McKINSTER, Acting P. J.

A jury found defendant and appellant Bryan Lee Davis (defendant) guilty as charged of first degree murder in connection with the death of his mother (Pen. Code, § 187, subd. (a)), 1 and also found true the special allegation that in the commission of that crime defendant discharged a firearm causing great bodily injury or death (§ 12022.53, subd. (d)). The trial court sentenced defendant to serve a term of 25 years to life in state prison on the first degree murder conviction and a consecutive term of 25 years to life on the firearm enhancement.

Defendant raises one issue in this appeal. He contends the trial court committed reversible error by failing to instruct the jury sua sponte that the testimony of a so-called jailhouse informant must be corroborated. We agree the trial court erred, but conclude the error was harmless in this case. Therefore, we will affirm the judgment.

FACTS

Resolution of the issue defendant raises in this appeal does not depend on the facts of the underlying crime. Moreover, the facts are undisputed and are set out at length in the parties’ respective briefs. For our purpose it is sufficient to note that on December 10, 2010, defendant reported his mother’s death to the funeral director of the mortuary with which she had a burial *1487 contract. The funeral director realized from his conversation with defendant that defendant’s mother had not been under the care of a physician at the time of her death, so he contacted the police to report the death as unattended. The fire department responded to that report by going to defendant’s home. Defendant directed them down a hall where they found defendant’s mother on the floor of a bedroom.

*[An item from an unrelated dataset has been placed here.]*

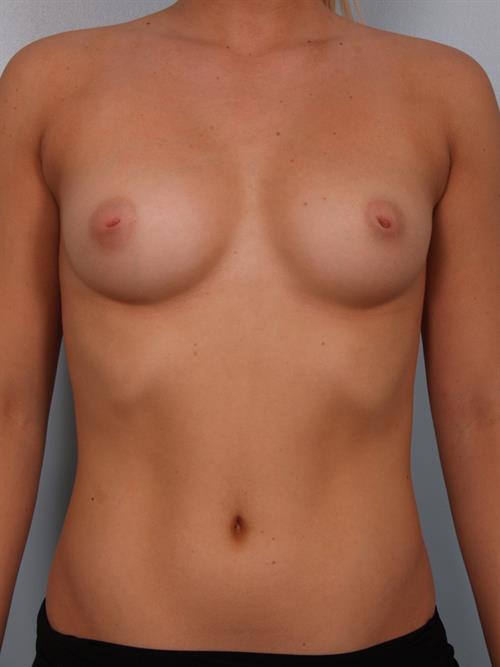 Nipple/Areolar Surgery Before Photo | Phoenix and Scottsdale, AZ | Scottsdale Center for Plastic Surgery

An autopsy revealed defendant’s mother had been shot three times in the torso, and stabbed. 2 The gunshot wounds indicated the shooter had fired at a downward angle, which suggested the mother had been sitting in a chair when the gunman fired. The autopsy also revealed, based on the condition of the corpse, that defendant’s mother had been dead for at least 24 hours and as long as several days before defendant reported her death. Three .38-caliber bullets were removed from the body of defendant’s mother during the autopsy.

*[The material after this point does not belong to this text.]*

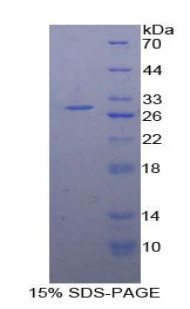 Recombinant Protein Kinase D2 (PKD2)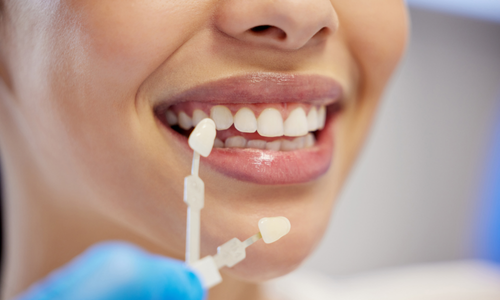 Zirconium Crowns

While in jail after his arrest, defendant told Jeffrey Cristillo, a fellow inmate, he had killed his mother. Defendant explained that he had endured years of verbal abuse from his mother. He finally lost control and shot her three times in the chest while she was sitting in her easy chair. Defendant then dragged her body into the bedroom where he left it for five days before calling anyone to report her death. 3 Defendant also told Cristillo that he had shot his mother with her own gun, a .38 Special, and that he had disposed of the gun. A month after defendant talked to him, Cristillo was released from jail after serving 45 days in custody for his third DUI (driving under the influence). He contacted an investigator at the district attorney’s office. Cristillo testified at trial. He confirmed in his testimony that he had not received any promises or benefits in exchange for testifying at trial.

Defendant’s next-door neighbor, Ginger, 4 began a friendship with him after he went to jail. The two communicated regularly; defendant asked Ginger, among other things, to help him get an attorney, and to cash out his life insurance policy. Their friendship evolved into a romantic relationship, despite defendant’s incarceration. In the course of their conversations defendant repeatedly told Ginger that he hated his mother because she had been abusive to him when he was a child. At trial Ginger testified that defendant *1488 never admitted to her that he killed his mother, and if she told the district attorney’s investigator that defendant had, she misspoke.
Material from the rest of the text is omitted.